Id poolSize = registry.createId("size")
  .withTag("class", "ThreadPool")
  .withTag("id", "server-requests");

Id poolSize = registry.createId("size")
  .withTag("class", "Database")
  .withTag("table", "users");

In this approach, if you select the name size, then it will match both the ThreadPool and Database classes. This results in a value that is an aggregate of the number of threads and the number of items in a database, which has no meaning.

Id poolSize = registry.createId("threadpool.size")
  .withTag("id", "server-requests");

Id poolSize = registry.createId("db.size")
  .withTag("table", "users");

This variation provides enough context in the name so that the meaning is more apparent and you can successfully reason about the values. For example, if you select threadpool.size, then you can see the total number of threads in all pools. You can then group by or select an id to further filter the data to a subset in which you have an interest.

This approach also supports simple queries without regex patterns: * name,threadpool.size,:eq gives you all thread pool sizes * name,db.size,:eq gives you all database sizes * name,threadpool.size,:eq,id,server-requests,:eq,:and drills down to a specific pool

Use Base Units

Keep measurements in base units, whenever and wherever possible.
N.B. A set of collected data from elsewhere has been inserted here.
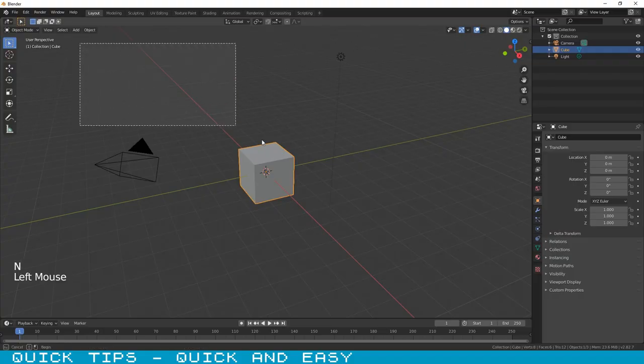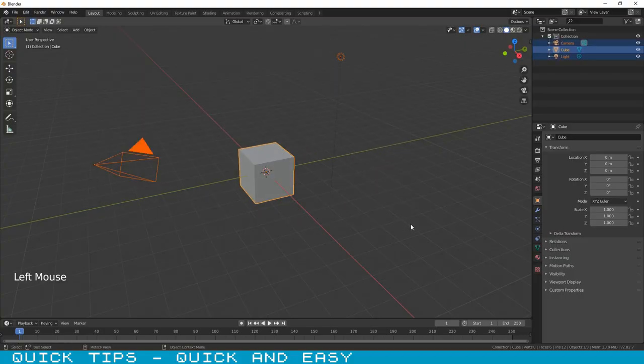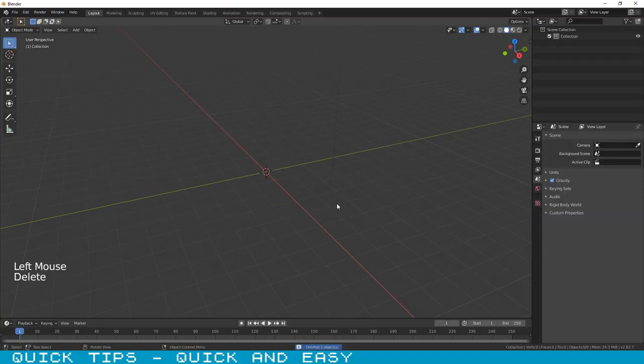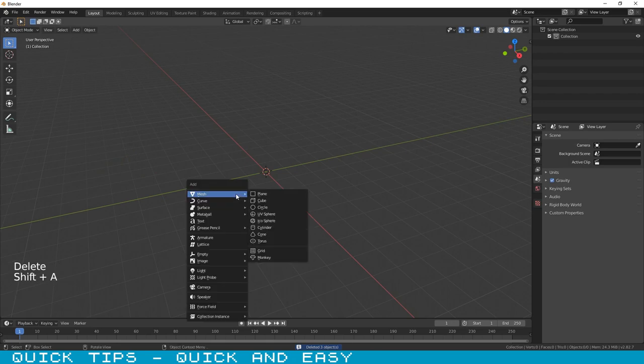Hello. To create our bouncing ball, first let's remove the objects from the default scene.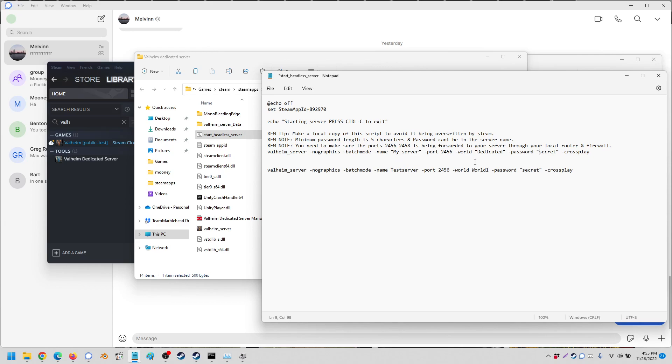It's just strange because most of the guides you look at tell you to replace what is within the center of the quotes. If you're not familiar with any kind of coding or anything like that, you may struggle trying to figure out why the server is not seeing my world. And this is why - it's because of the quotations.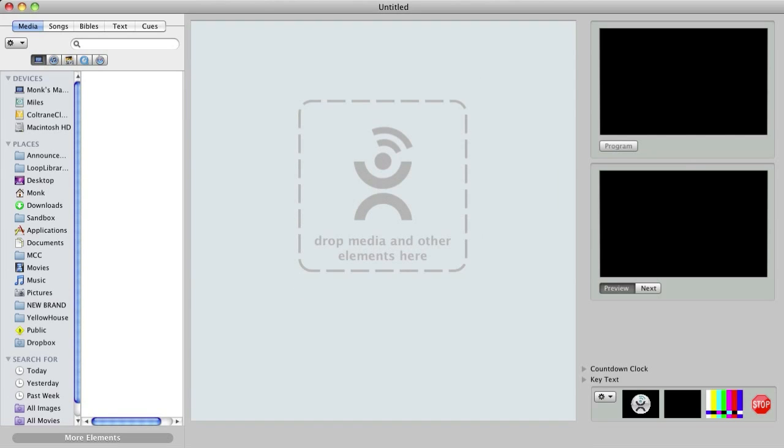As I just mentioned, MediaShout includes certain types of cues that don't play media themselves, but rather perform a function or affect another cue in your presentation. So let's look at how script commands work by building an announcement loop.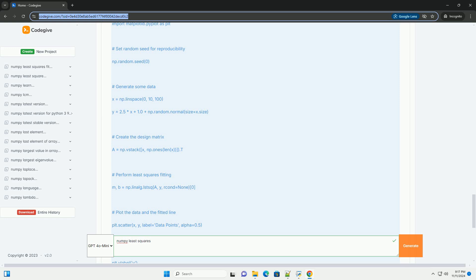Conclusion: This example demonstrates how to perform a simple linear regression using the least squares method in numpy. You can extend this approach to fit more complex models, such as polynomial regression, by modifying the design matrix accordingly. The numpy.linalg.lstsq function is a powerful tool for these types of analyses in Python.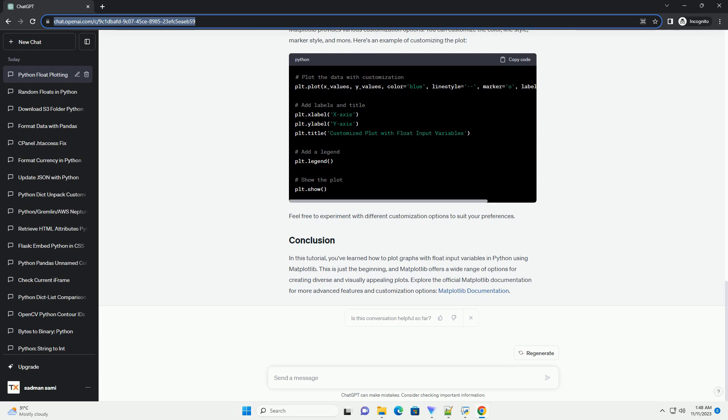Open your Python environment and start by importing the necessary library. Let's create some sample data with float input variables. For this example, we'll generate data points using the NumPy library.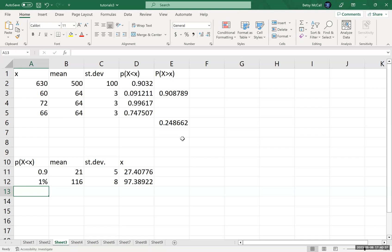This is how we calculate probabilities for the normal distribution in Excel or calculating observation values using the normal distribution in Excel.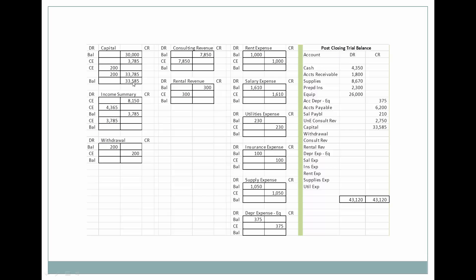Now let's look at all of these balances and see what is on our post-closing trial balance. All of our withdrawals are gone — zeroed out. Revenue is zeroed out. All of our expenses are zeroed out. Capital has a new balance. All that remains on our post-closing trial balance are balance sheet accounts — accounts representing things that exist and will continue to exist: cash, accounts receivable, supplies, prepaid insurance, equipment, accumulated depreciation. We still owe our vendors, salaries are still payable, we still have unearned consulting revenue, and now we have a new ending balance in capital.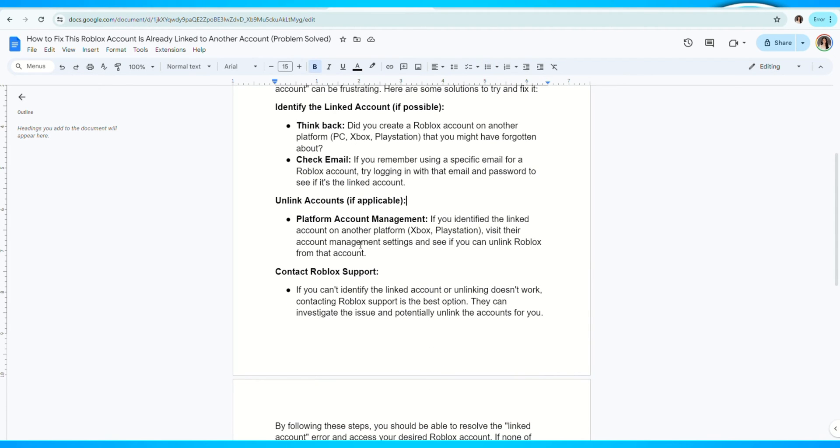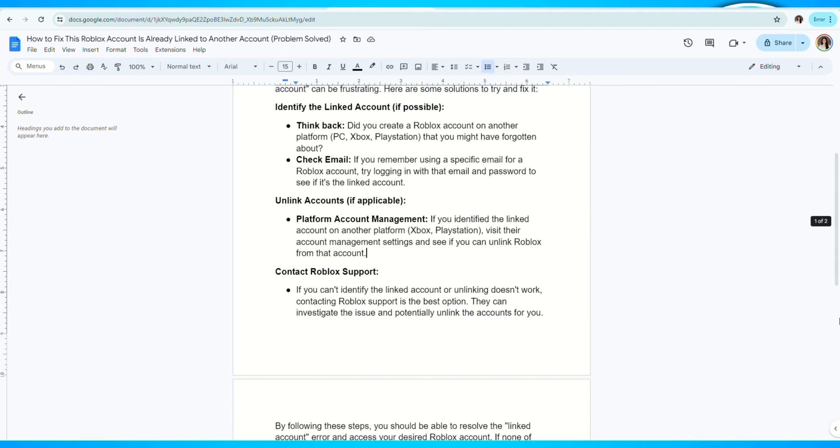If you've confirmed the linked account, try unlinking your email from that Roblox account to use it with your new account.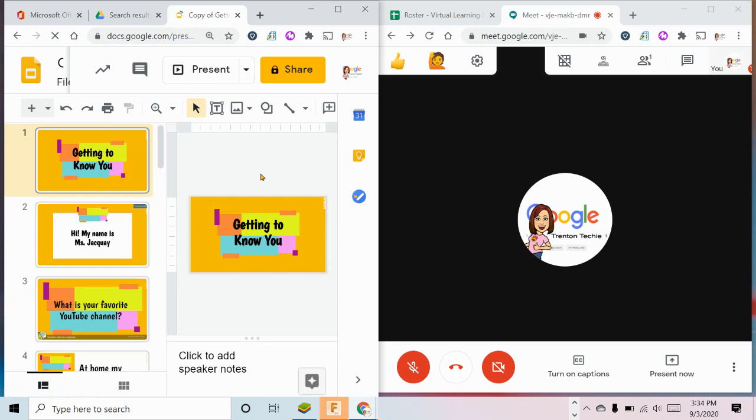Okay, here's my secret for sharing your Google Slides so that they don't overtake your screen and you can still see your Google Meet.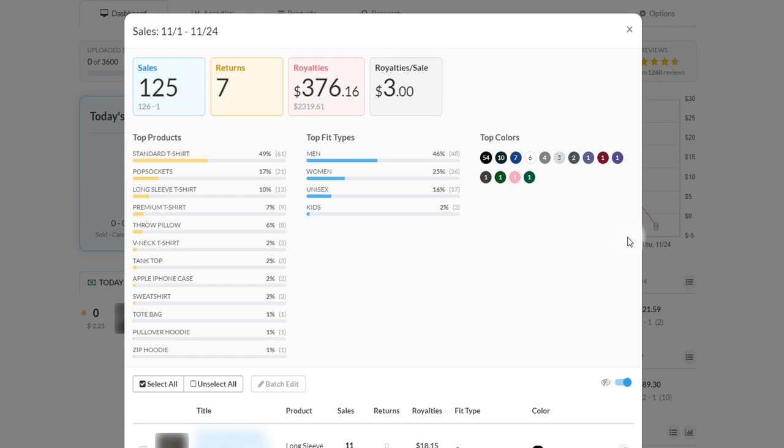How's it going everybody, it is November 24th. This is going to be a quick Merch by Amazon sales update. I'll talk about my US sales and show you guys my total sales, but before I start there I've been getting a whole bunch of emails from different companies.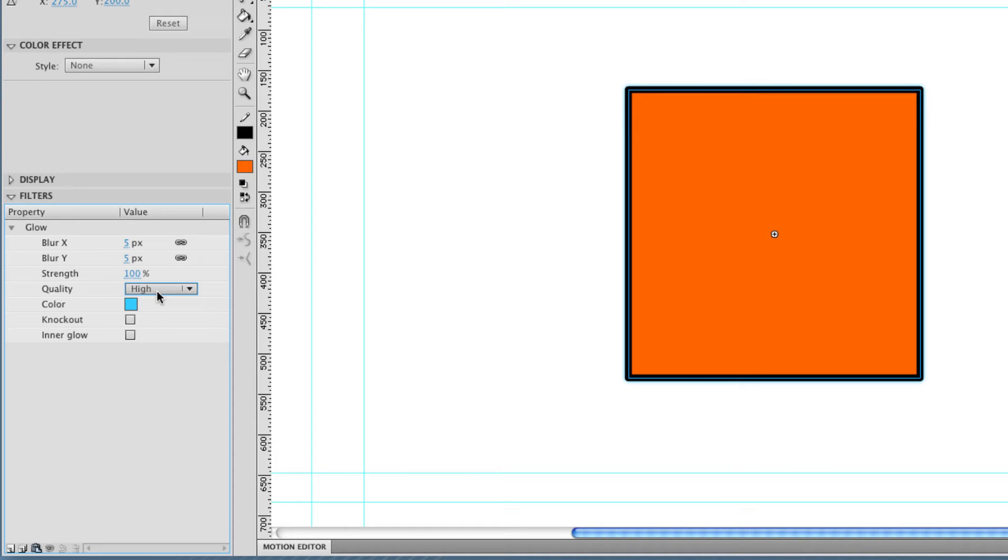But if you're using it for the web, high is maybe not such a great idea. Because the computer that's running your SWF file has to process all this information. And if it's quite a slow computer, it's going to run into problems and start lagging and dropping frames.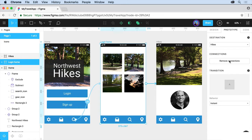Now we can also remove connections if we want to do that, but we want to try this out. So to try out your prototype, click on present.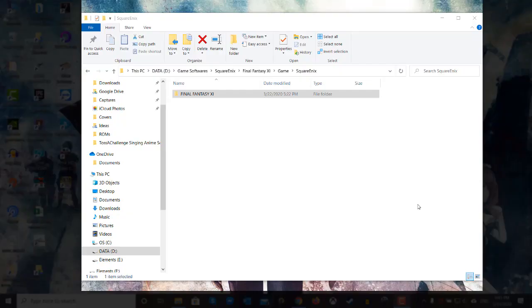Hi everyone and welcome to Tosser Show and today I want to show a tutorial on how you can make sure that Final Fantasy 11 is working with a gamepad.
It is best to have timers in seconds, disk sizes in bytes, and network rates in bytes/second. This allows any International System of Units (SI) prefixes applied to tick labels on a graph to have an obvious meaning, such as:

  • 1 m meaning 1 millisecond, as opposed to 1 milli-millisecond, for timers.
  • 1 k meaning 1 kilobyte, as opposed to 1 kilo-megabyte, for disk sizes.
  • 1 M meaning 1 megabyte/second, as opposed to 1 mega-kilobyte, for network rates.

Atlas automatically applies tick labels to the Y-axis of the graph, in order to accurately report the magnitude of values, while keeping them within the view window.

Some meters in some clients, such as Java Timers, will automatically constrain values to base units in their implementations.